## Exercise goal
Would you transcribe exactly the lines from the beginning of the records below through the line with "От неграмотного маникюра", both included, omitting the pictures?
━━━ The data
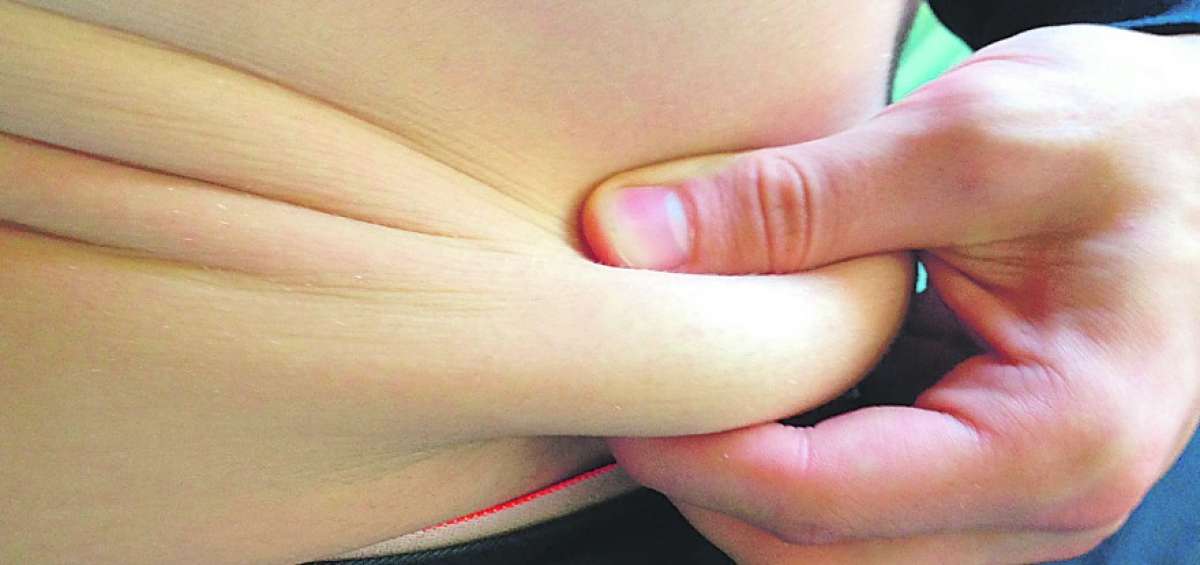La acumulaci&oacute;n de grasa en la zona del abdomen, un riesgo para sufrir diabetes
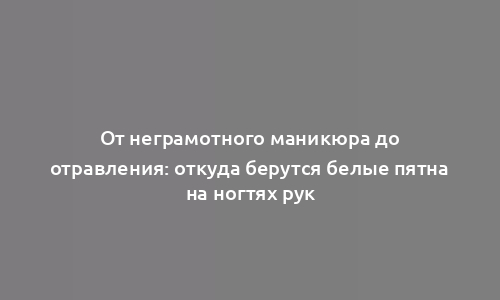 От неграмотного маникюра до отравления: откуда берутся белые пятна на ногтях рук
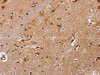 The image on the left is immunohistochemistry of paraffin-embedded Human brain tissue using CSB-PA089265 (FBP2 Antibody) at dilution 1/40, on the right is treated with fusion protein. (Original magnification: ×200)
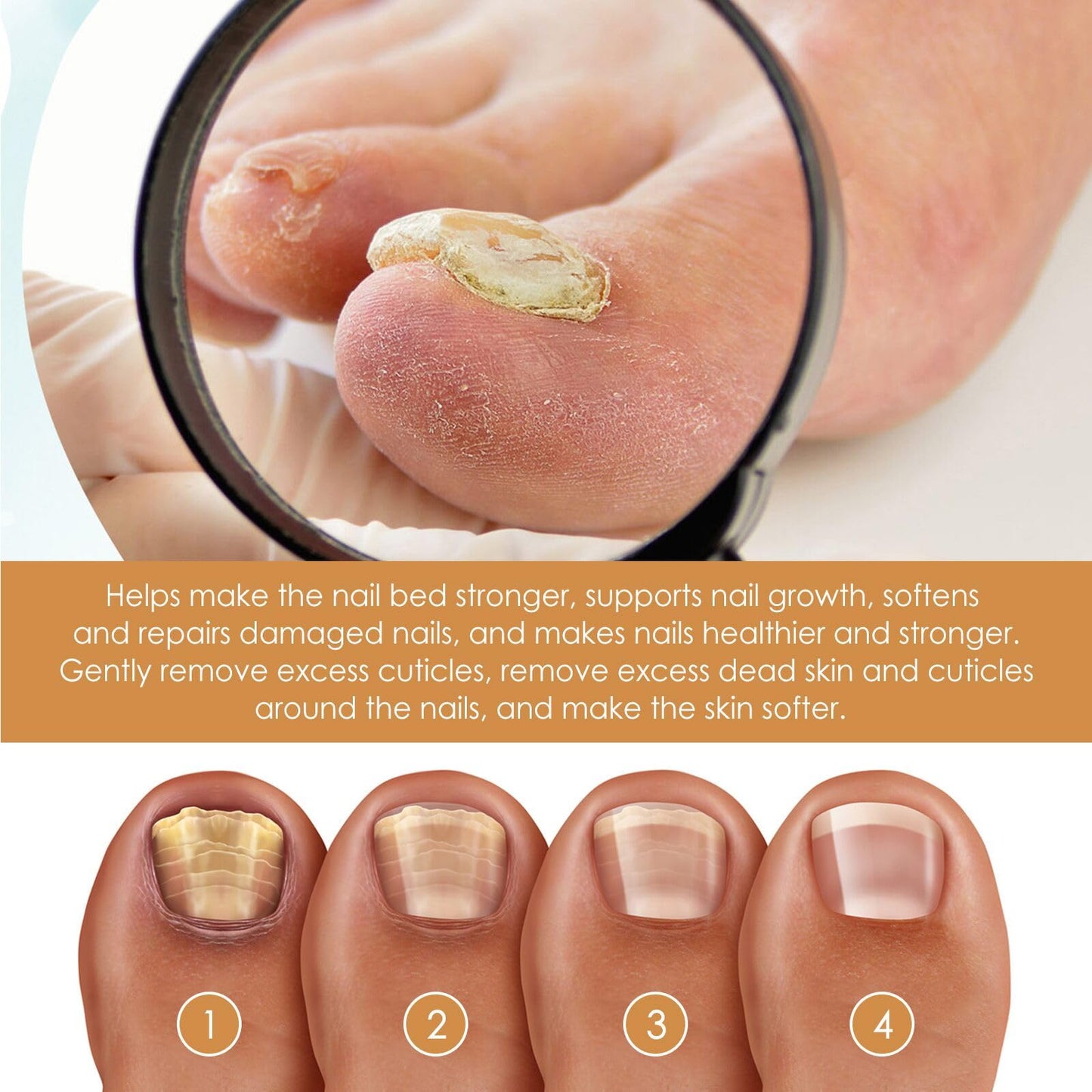 Nail Cuticle Remover Gel,Cuticle Remover Cream,Gentle Cuticle Remover,Instant Cuticle Care Gel,Cuticle Remover Gel,Nail Cuticle Repair Gel,Nail Cuticle Softener Moisturizing Gel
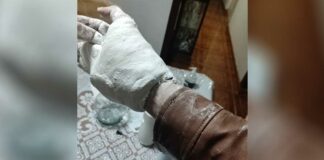 Le ponen yeso en el IMSS y no se puede quitar su chamarra Yeso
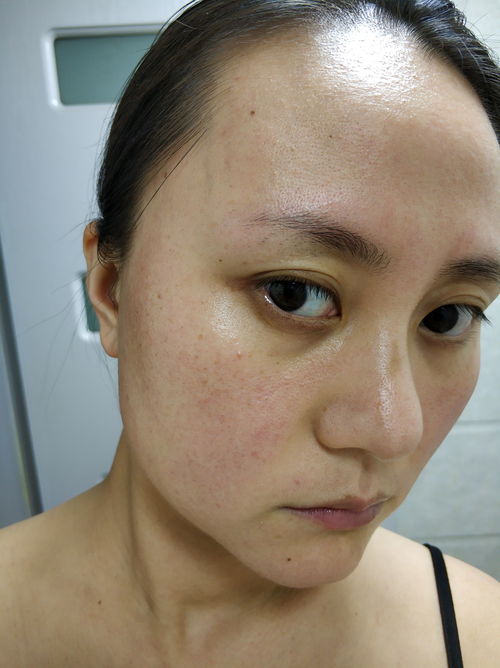 儿童疣病毒是什么引起的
━━━━━━
## Result below
La acumulaci&oacute;n de grasa en la zona del abdomen, un riesgo para sufrir diabetes
 От неграмотного маникюра до отравления: откуда берутся белые пятна на ногтях рук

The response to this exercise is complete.